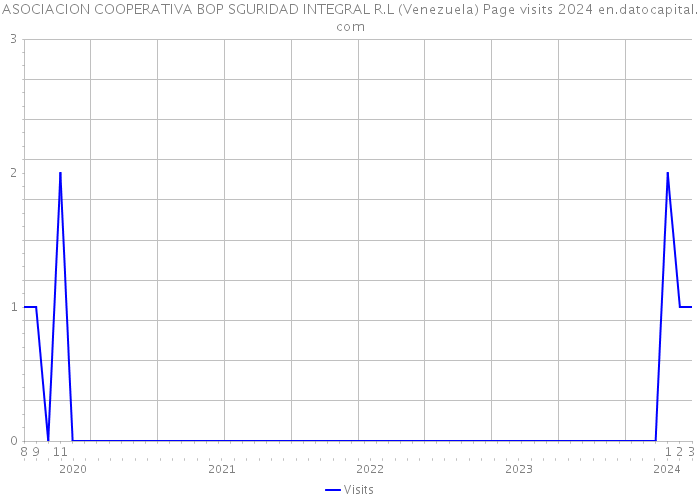 ASOCIACION COOPERATIVA BOP SGURIDAD INTEGRAL R.L (Venezuela) Page visits 2024 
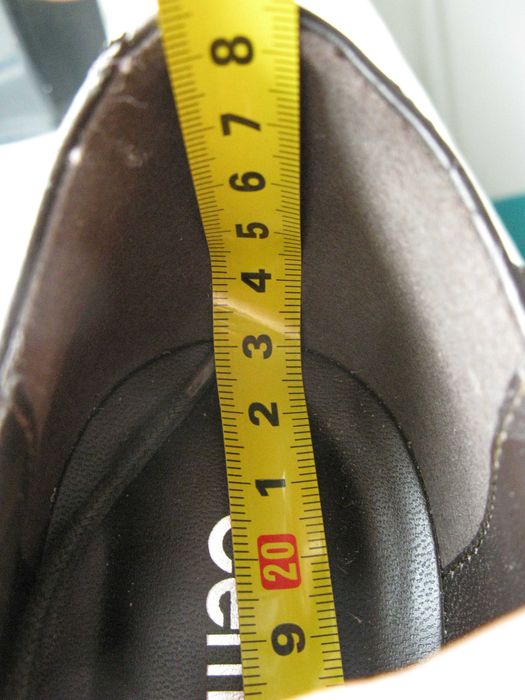 Ботильоны  Centro на каблуке размер 36 стелька 23 см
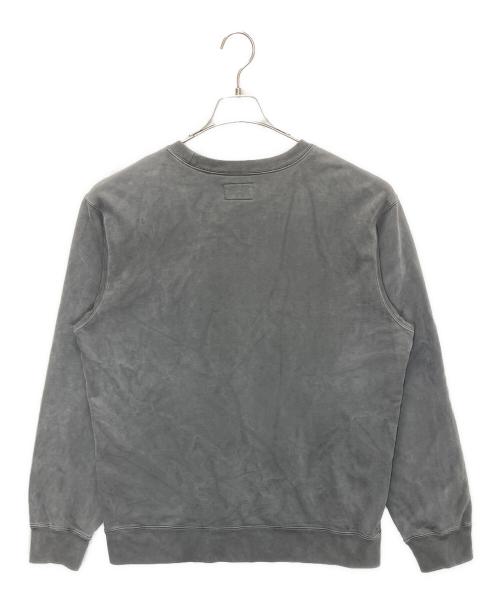 SUPREME（シュプリーム）SUPREME (シュプリーム) クルーネックスウェット グレー サイズ:Lの古着・服飾アイテム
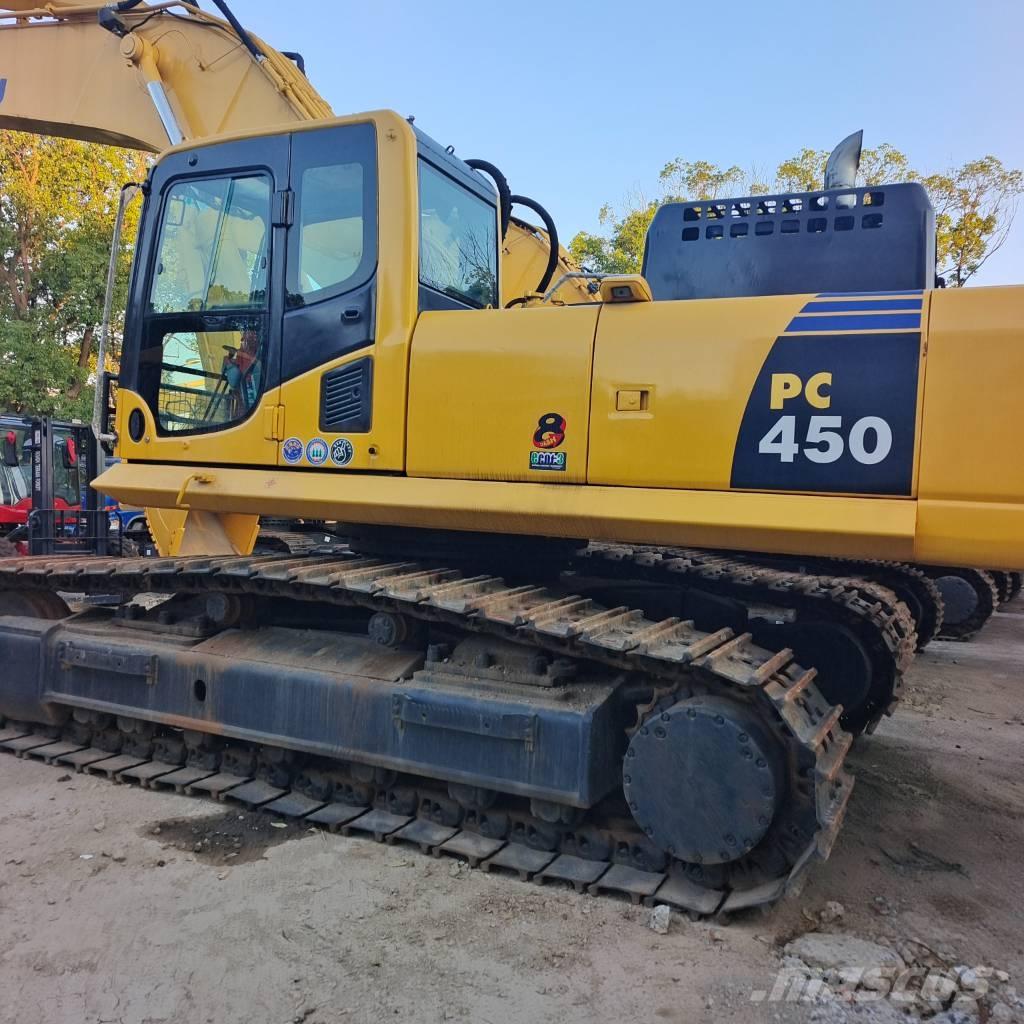Komatsu PC 450 履带挖掘机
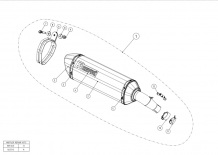 Akrapovic Slip-On Line Carbon met EURO4 Keuring Suzuki SV 650 / X 2016 2020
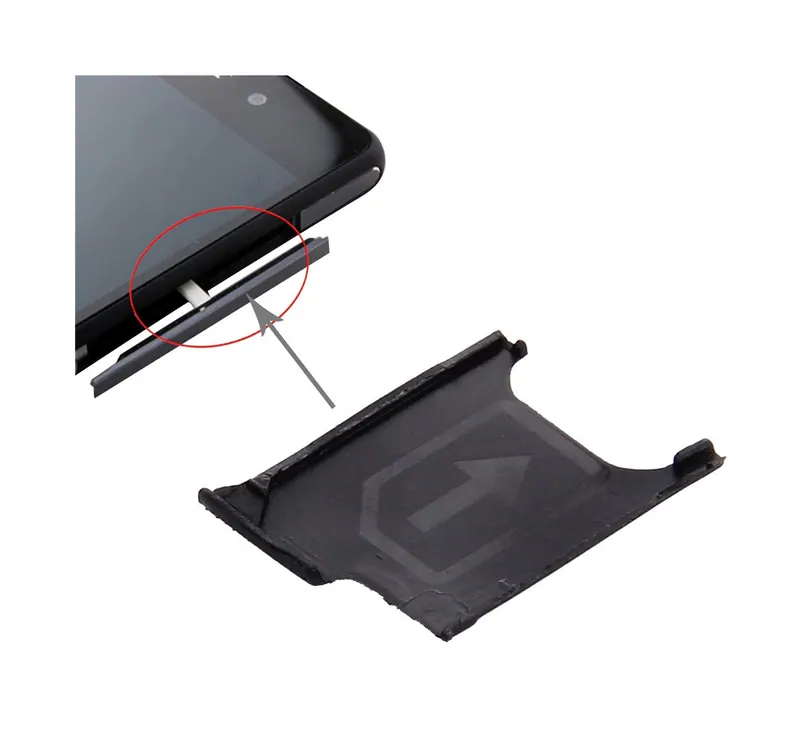 Micro SIM Card Tray for Sony Xperia Z2 / L50w — image 1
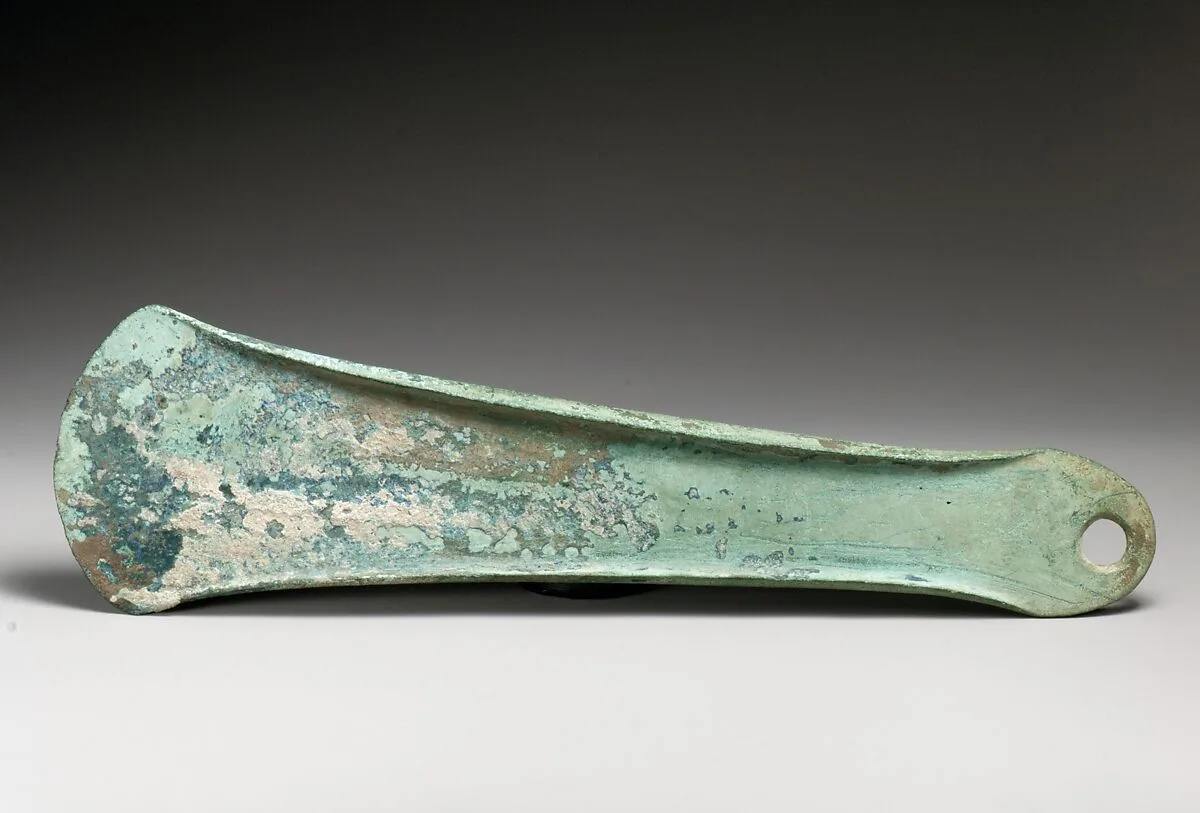 Bronze flanged axe — Unknown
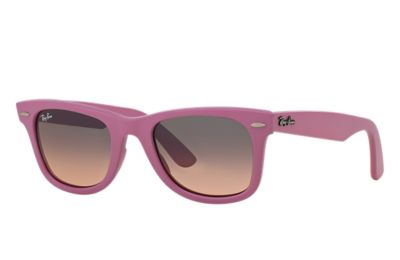 Ray-Ban 0RB2140 - ORIGINAL WAYFARER MATTE Pink SUN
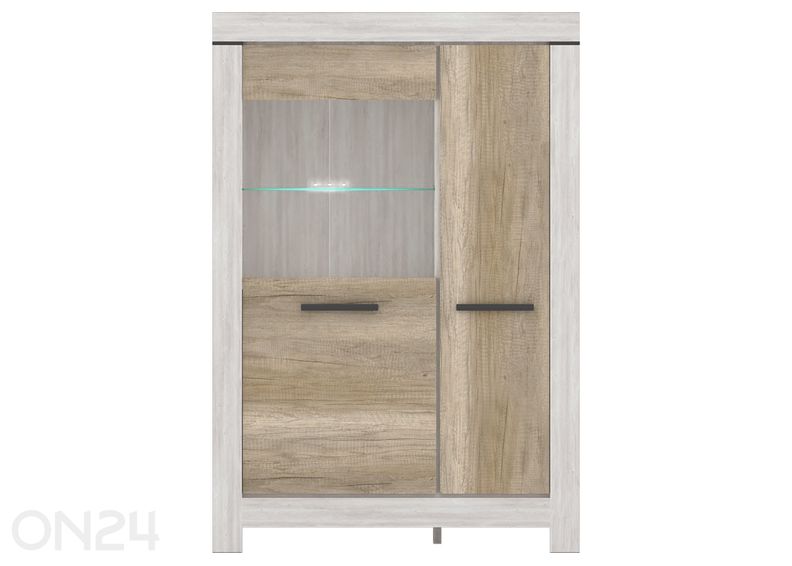 Vitriinikaappi Belen 100,4 cm kuvasuurennos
——————————
* _PROBLEM DETAILS_
Each line from the one containing "Ray-Ban 0RB2140 - ORIGINAL" through the last line above should be retyped exactly, and no other line. Any picture is to be left out.

* _EXERCISE RESULT_
 Ray-Ban 0RB2140 - ORIGINAL WAYFARER MATTE Pink SUN
 Vitriinikaappi Belen 100,4 cm kuvasuurennos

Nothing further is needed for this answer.